## WORK TASK
This exercise calls for every record to be set down again, exactly and in full.

## SUPPLIED DATA
##########
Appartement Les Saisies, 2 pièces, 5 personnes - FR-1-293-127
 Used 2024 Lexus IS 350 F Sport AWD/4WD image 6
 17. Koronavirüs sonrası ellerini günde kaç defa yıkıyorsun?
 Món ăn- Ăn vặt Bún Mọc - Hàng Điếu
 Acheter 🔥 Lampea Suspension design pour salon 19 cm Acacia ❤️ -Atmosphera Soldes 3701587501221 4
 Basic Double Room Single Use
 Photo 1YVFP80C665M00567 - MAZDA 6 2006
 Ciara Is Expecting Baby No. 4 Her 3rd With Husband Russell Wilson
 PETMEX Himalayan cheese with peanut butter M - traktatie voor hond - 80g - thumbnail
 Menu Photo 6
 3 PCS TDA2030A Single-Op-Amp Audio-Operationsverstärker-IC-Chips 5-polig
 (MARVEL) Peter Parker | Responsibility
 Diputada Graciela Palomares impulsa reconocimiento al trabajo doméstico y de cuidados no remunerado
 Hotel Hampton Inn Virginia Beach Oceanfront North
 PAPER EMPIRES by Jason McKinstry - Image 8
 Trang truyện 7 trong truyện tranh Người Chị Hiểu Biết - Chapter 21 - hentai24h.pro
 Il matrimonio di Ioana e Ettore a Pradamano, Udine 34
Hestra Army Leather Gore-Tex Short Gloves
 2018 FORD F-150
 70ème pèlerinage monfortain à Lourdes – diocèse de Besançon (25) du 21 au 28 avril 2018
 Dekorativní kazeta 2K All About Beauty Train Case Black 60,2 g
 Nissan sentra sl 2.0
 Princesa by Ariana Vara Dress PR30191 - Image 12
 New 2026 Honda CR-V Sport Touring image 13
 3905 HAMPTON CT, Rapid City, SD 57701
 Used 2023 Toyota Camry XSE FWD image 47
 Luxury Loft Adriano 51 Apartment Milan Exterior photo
##########
## ANSWER TO THE PROBLEM
Appartement Les Saisies, 2 pièces, 5 personnes - FR-1-293-127
 Used 2024 Lexus IS 350 F Sport AWD/4WD image 6
 17. Koronavirüs sonrası ellerini günde kaç defa yıkıyorsun?
 Món ăn- Ăn vặt Bún Mọc - Hàng Điếu
 Acheter 🔥 Lampea Suspension design pour salon 19 cm Acacia ❤️ -Atmosphera Soldes 3701587501221 4
 Basic Double Room Single Use
 Photo 1YVFP80C665M00567 - MAZDA 6 2006
 Ciara Is Expecting Baby No. 4 Her 3rd With Husband Russell Wilson
 PETMEX Himalayan cheese with peanut butter M - traktatie voor hond - 80g - thumbnail
 Menu Photo 6
 3 PCS TDA2030A Single-Op-Amp Audio-Operationsverstärker-IC-Chips 5-polig
 (MARVEL) Peter Parker | Responsibility
 Diputada Graciela Palomares impulsa reconocimiento al trabajo doméstico y de cuidados no remunerado
 Hotel Hampton Inn Virginia Beach Oceanfront North
 PAPER EMPIRES by Jason McKinstry - Image 8
 Trang truyện 7 trong truyện tranh Người Chị Hiểu Biết - Chapter 21 - hentai24h.pro
 Il matrimonio di Ioana e Ettore a Pradamano, Udine 34
Hestra Army Leather Gore-Tex Short Gloves
 2018 FORD F-150
 70ème pèlerinage monfortain à Lourdes – diocèse de Besançon (25) du 21 au 28 avril 2018
 Dekorativní kazeta 2K All About Beauty Train Case Black 60,2 g
 Nissan sentra sl 2.0
 Princesa by Ariana Vara Dress PR30191 - Image 12
 New 2026 Honda CR-V Sport Touring image 13
 3905 HAMPTON CT, Rapid City, SD 57701
 Used 2023 Toyota Camry XSE FWD image 47
 Luxury Loft Adriano 51 Apartment Milan Exterior photo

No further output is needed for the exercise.